But I felt — and what I said in that article really was that it would be way better to own stocks over the long term than to follow a policy of buying either long-term bonds or holding cash. And I knew I could make that statement and I would be eventually — I thought odds were very high — I'd be proven right on that.
But I don't like — I don't know what the stock market's going to do next week, or next month, or next year. I don't have any idea.
People always think I do. I know I don't have any idea, I don't think about it, it doesn't make any difference because Charlie and I — I can't recall a discussion we've ever had on it, basically.
But I do think over the next 10 years or 20 years, I'd much rather own equities — including U.S. equities — I'd much rather own them than cash, or I'd much rather own them than a 10 or 20-year bond. But that's partly because I'm very unenthusiastic about the alternatives.

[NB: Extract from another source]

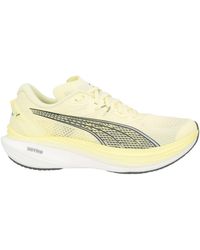 PUMA - Trainers - Lyst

I think equities are likely to give you some positive — modest positive — real return over time. But beyond that I really don't know anything.
CHARLIE MUNGER: That's a cheerful thought that equities are the best of a bad lot of available opportunities. (Laughter)
WARREN BUFFETT: You disagree with it?
CHARLIE MUNGER: No, I think you're right. (Laughter)
I think people should get accustomed, on average, to doing less well in their investment portfolios, in real terms.
WARREN BUFFETT: Charlie and I don't —
CHARLIE MUNGER: I think we're in for a long period of where the ordinary result is not going to be very exciting.
WARREN BUFFETT: But we like owning businesses. And we're in a position where we can own entire businesses, but we also like partial ownership of businesses.
And we want to own businesses where we really think they have some competitive advantage over time, and where we feel good about the management, and where we think the price is reasonably attractive.
I think you can find things like that now, but they aren't dramatically attractive at all. They do beat, in my view, they do beat holding cash or five, 10, or 20-year bonds.
WARREN BUFFETT: Becky?
BECKY QUICK: This question comes from John Bailer (PH), who's asking about the rating agencies. He points out that you started selling your stake in Moody's this year.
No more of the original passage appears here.